The beans were soft, since they were freshly shelled, as soft as peas, and as big. They had a greenish, red violet/deep maroon hue, which proceeded to leach out to the rice when cooked. The cooked beans lost their sheen and vibrant color, and, frankly, looked like fat garapata (sorry, I'm not going to translate that).


Kadyos has no distinctive taste, and so the lamud didn't taste any different from ordinary steamed rice. The only distinguishing features were, first, the color, which was marbled violet, and second, the texture, which had soft bean-y punctuations.

But over-all these two didn't interfere, or make any more distinct, my enjoyment of my meal that dinner. It looked very similar to the red or brown mountain rice of Northern Luzon, though not as rough. I put a premium to it, more than how I value whole grain rice, knowing it is laden with fiber, and probably vitamins and minerals that fruits and vegetables naturally have.

It made me think of the government drive early this year, when there was a global shortage of rice and the prices were uncontrollably shooting up, for Filipinos to add cubes of kamote to our kanin as an extender. To which I had no qualms, since I know for a fact that kamote is beneficial for children.

But it's easy to deduct the reasons for this generation shying away from lamud - the main one being that it's associated with the hard life, being rural fare. And most probably kadyos, when in profusion, is added to the pricier rice as an extender.

But for me kadyos is an added premium to lamud. It makes rice special. So lamud translates to special rice.

I am posting this today in celebration of the ongoing rice harvest, and in memory of our ancestors, who knew the value of the food sprung from the earth.

And for you, Yang Chow Guy, and to my former blockmate and now kumpare Gene, this is for you both. May you honor your unique heritage.

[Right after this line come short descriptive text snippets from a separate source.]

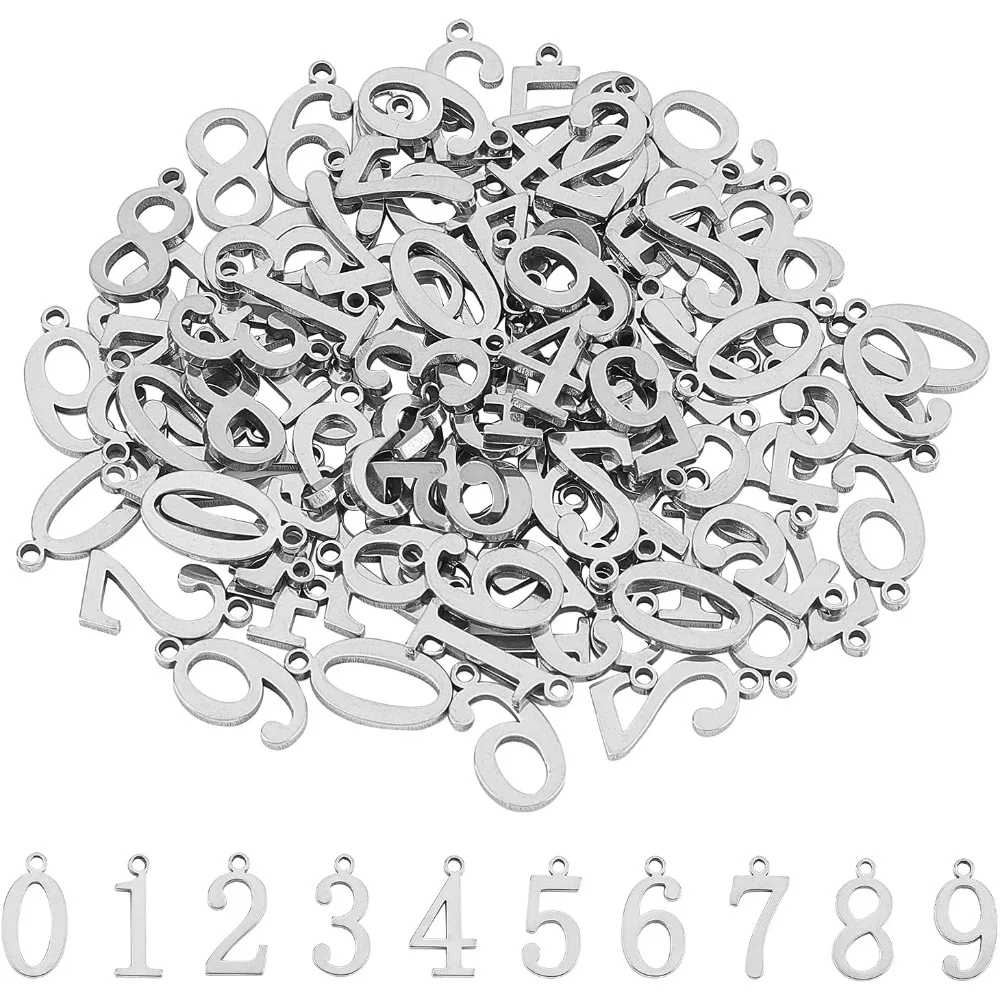 

About 100pcs Number 0~9 Metal Charms Stainless Steel Pendants Hypoallergenic Pendants 1.5mm Small Hole for DIY Jewelry Finding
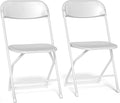 2 Pack Folding Chairs, White Folding Chairs Outdoor Indoor, 350lb Capacity, Plastic Event Chair, Lightweight Fold Chair, for Events Office Wedding Party Rental Picnic Patio, School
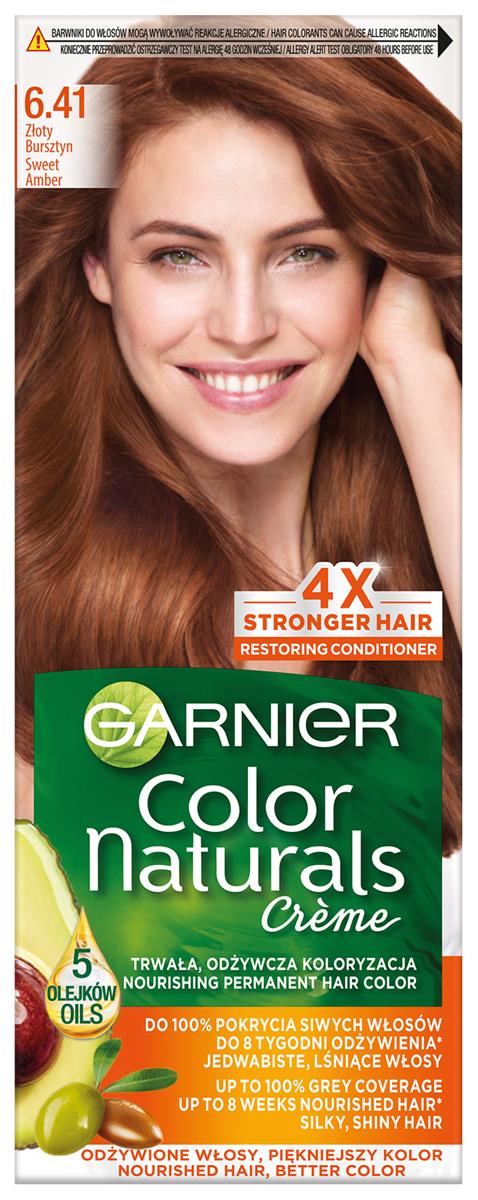 Garnier Color Naturals 6.41 Złoty bursztyn, odżywcza farba do włosów, do 100% pokrycia siwych włosów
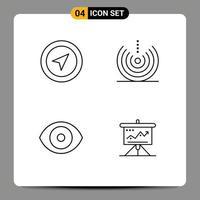 mobiel koppel lijn reeks van 4 pictogrammen van plaats biologie pin laten vallen laboratorium bewerkbare vector ontwerp elementen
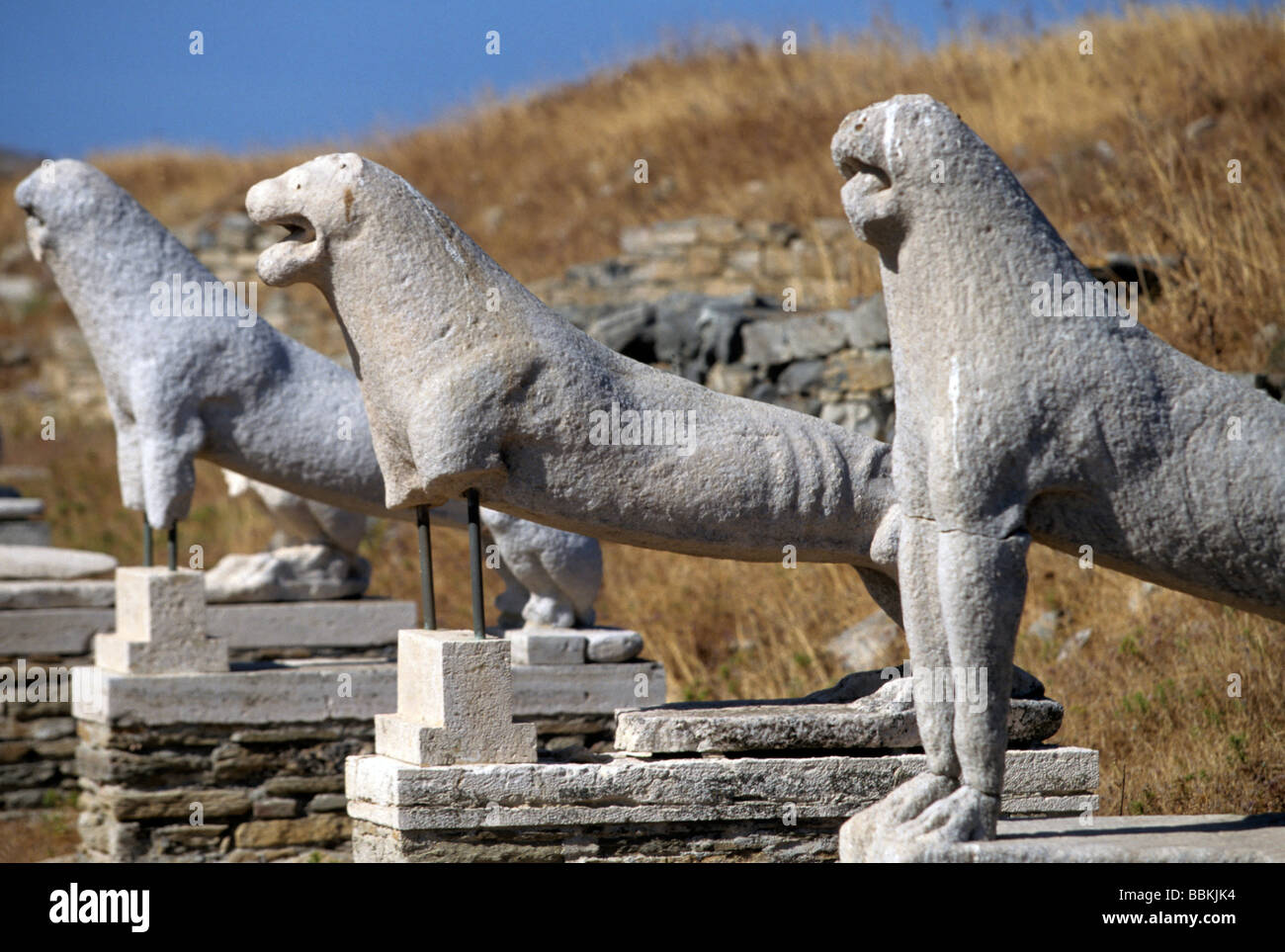 Il leone terrazza, Delos, Cicladi Grecia Foto Stock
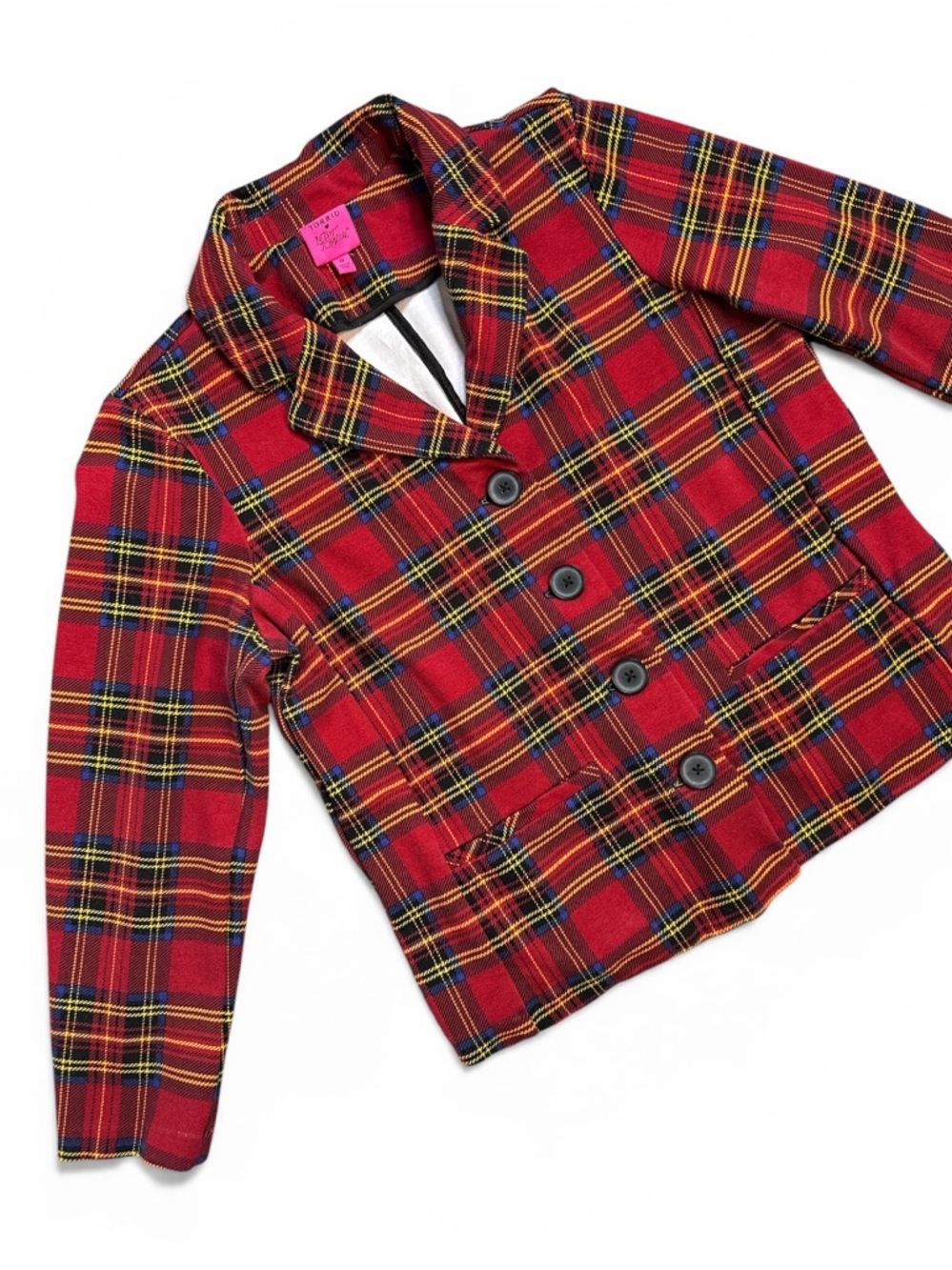 BETSEY JOHNSON X TORRID LTD EDITION RED PLAID PONTE BLAZER CLUELESS PREPPY PUNK - Picture 3 of 14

It had been a crazy two weeks - I was caught up in a whirlwind of frenzied activity involving the kids, plus an out of town trip for me. My presence at the office had been erratic, and obviously I haven't had the time to update here regularly. Which was unfortunate, since during these two weeks I have had great finds, and I had compiled enough food photos to last a couple of months.

Anyhow, I'm back, and I'll try to upload regularly from my already crowded thumb drive, which had received quite a few unloadings from my camera. I'm still trying to organize things in my spanking new notebook (thanks to my Flynn, who made off with my laptop but replaced it with the latest model as a gift ;-) ).



*Update, Nov. 3, 2008: A reaction last Saturday from a reader in Bacolod City indicated that the term lamud generally refers to a mix of anything.

The specific examples given were a "lamud of jackfruit or green papaya" for the cansi ingredients (Green papaya? Are you kidding me? I must have some!), or "the rice has a lamud of corn" for rice mixed with corn (I hope I got this right).

So I guess this specific lamud is rice with lamud of kadyos, kan-on nga may kadyos, or kan-on nga guinmikslahan kadyos, or something to that effect. Or KKK, for kan-on kag kadyos (rice and kadyos, or rice with kadyos).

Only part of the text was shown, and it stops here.